PROBLEM TO WORK ON: Once the pictures are set aside, reproduce the entries below exactly.

RECORDS TO PROCESS Block Start

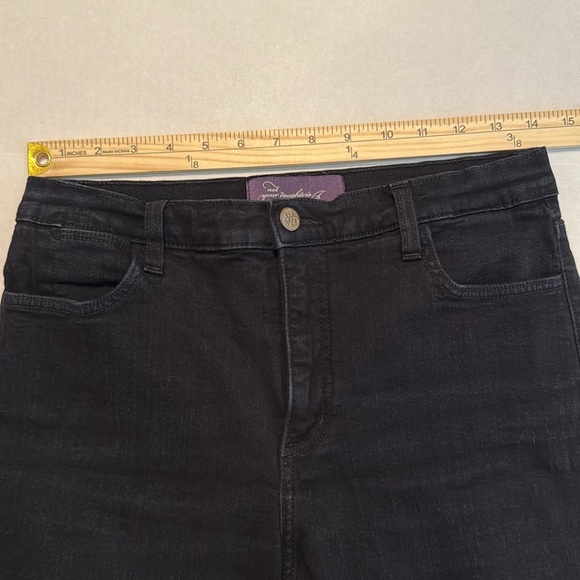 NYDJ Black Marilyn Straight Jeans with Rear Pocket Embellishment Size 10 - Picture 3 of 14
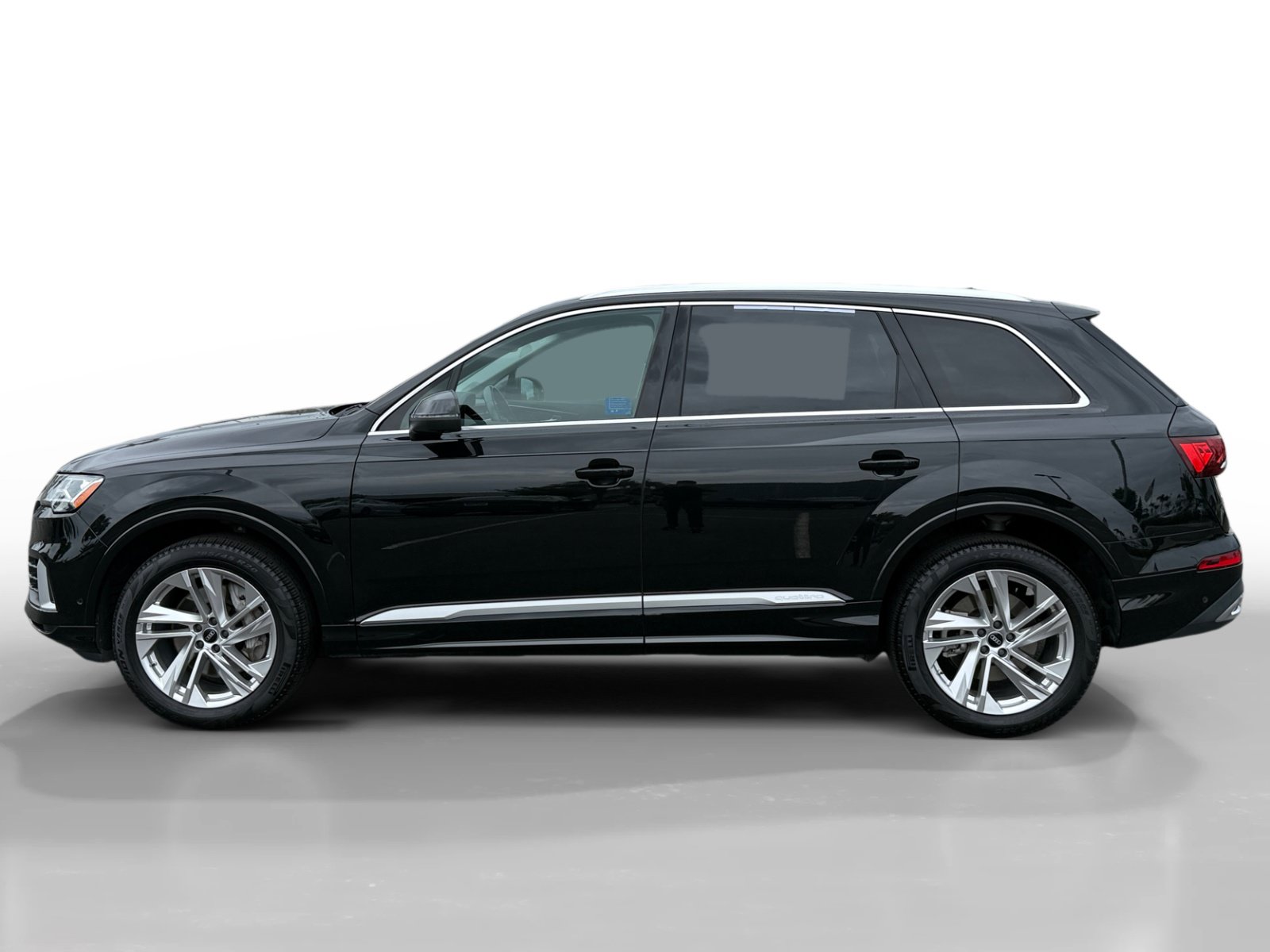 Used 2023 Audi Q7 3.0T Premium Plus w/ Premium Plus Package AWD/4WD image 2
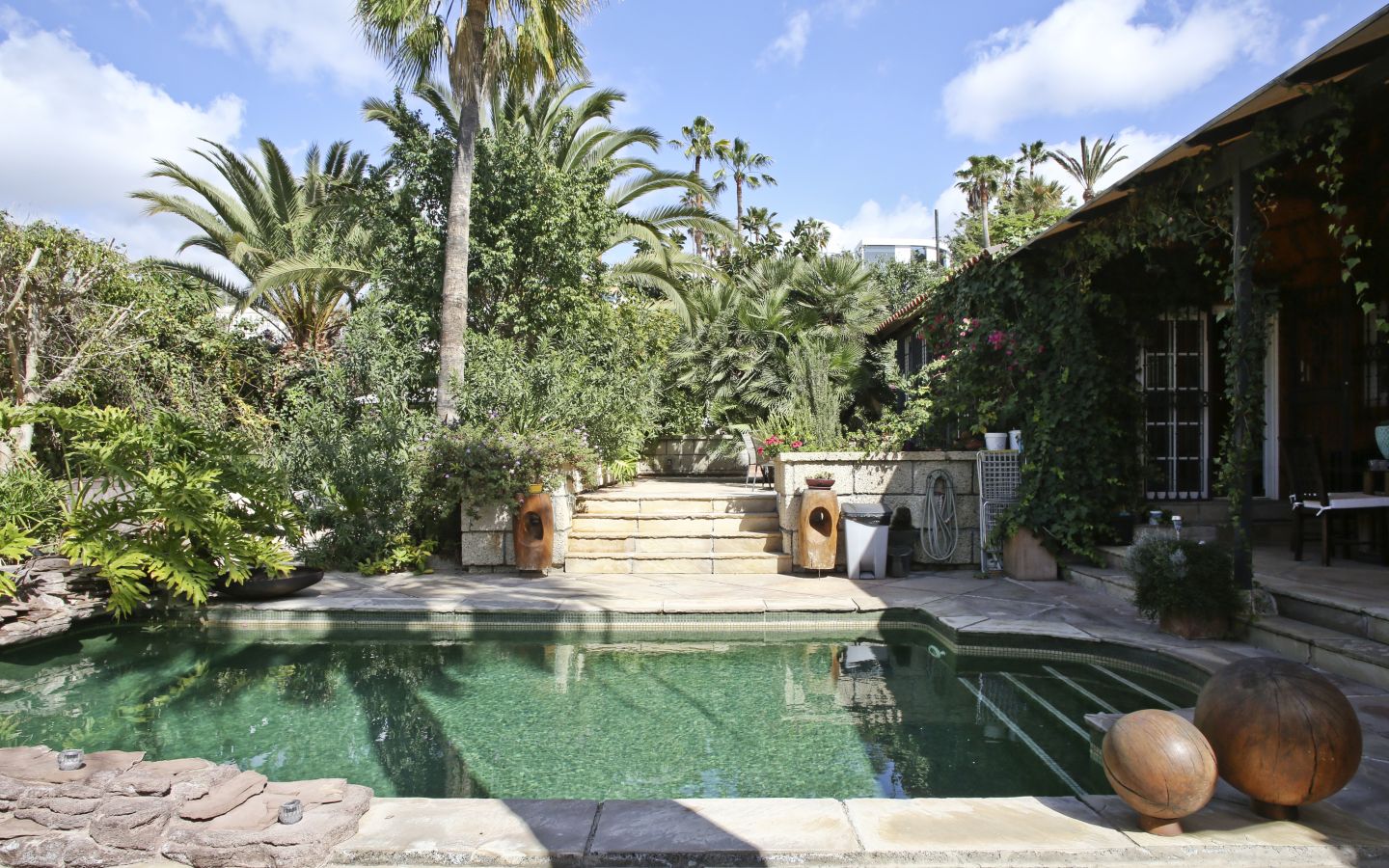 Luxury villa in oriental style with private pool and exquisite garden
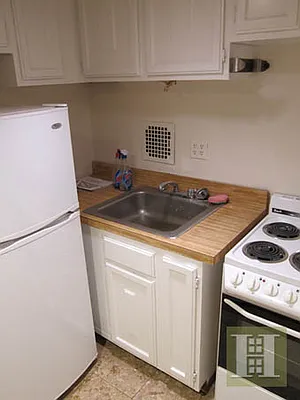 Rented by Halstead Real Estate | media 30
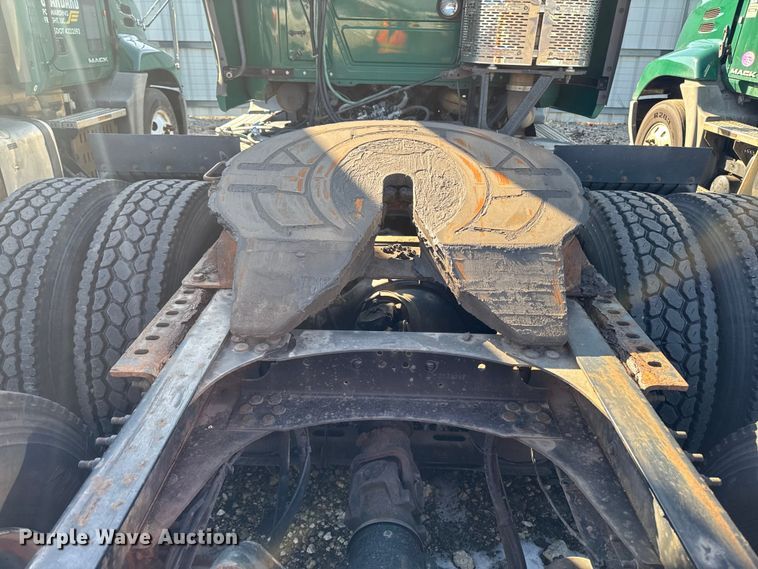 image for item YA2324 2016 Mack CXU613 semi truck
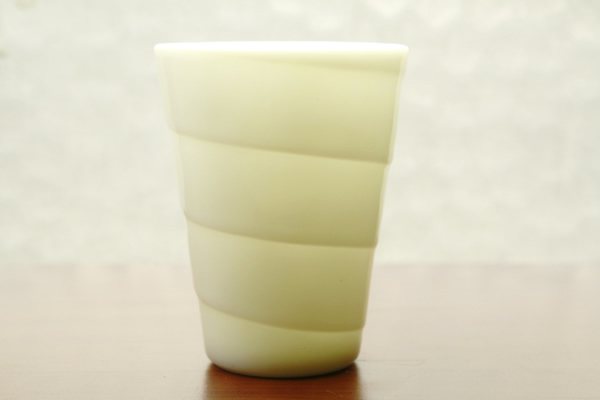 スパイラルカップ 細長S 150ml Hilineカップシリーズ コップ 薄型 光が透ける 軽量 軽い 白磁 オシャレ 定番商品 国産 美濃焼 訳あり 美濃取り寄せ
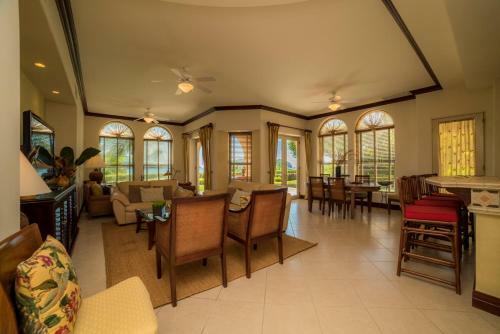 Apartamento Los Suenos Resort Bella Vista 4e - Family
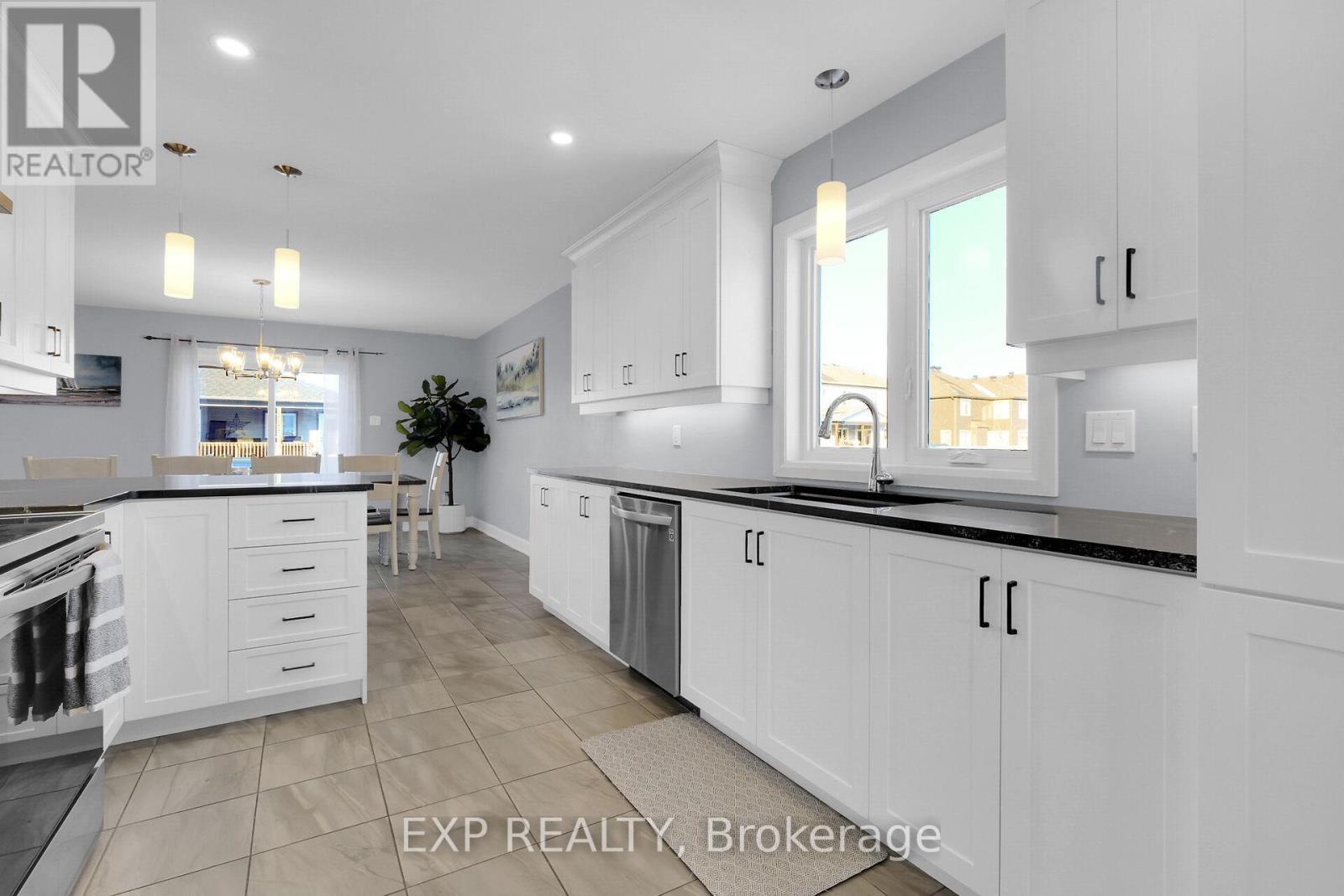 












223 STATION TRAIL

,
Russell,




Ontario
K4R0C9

RECORDS TO PROCESS Block End

EXERCISE RESULT:
 NYDJ Black Marilyn Straight Jeans with Rear Pocket Embellishment Size 10 - Picture 3 of 14
 Used 2023 Audi Q7 3.0T Premium Plus w/ Premium Plus Package AWD/4WD image 2
 Luxury villa in oriental style with private pool and exquisite garden
 Rented by Halstead Real Estate | media 30
 image for item YA2324 2016 Mack CXU613 semi truck
 スパイラルカップ 細長S 150ml Hilineカップシリーズ コップ 薄型 光が透ける 軽量 軽い 白磁 オシャレ 定番商品 国産 美濃焼 訳あり 美濃取り寄せ
 Apartamento Los Suenos Resort Bella Vista 4e - Family












223 STATION TRAIL

,
Russell,




Ontario
K4R0C9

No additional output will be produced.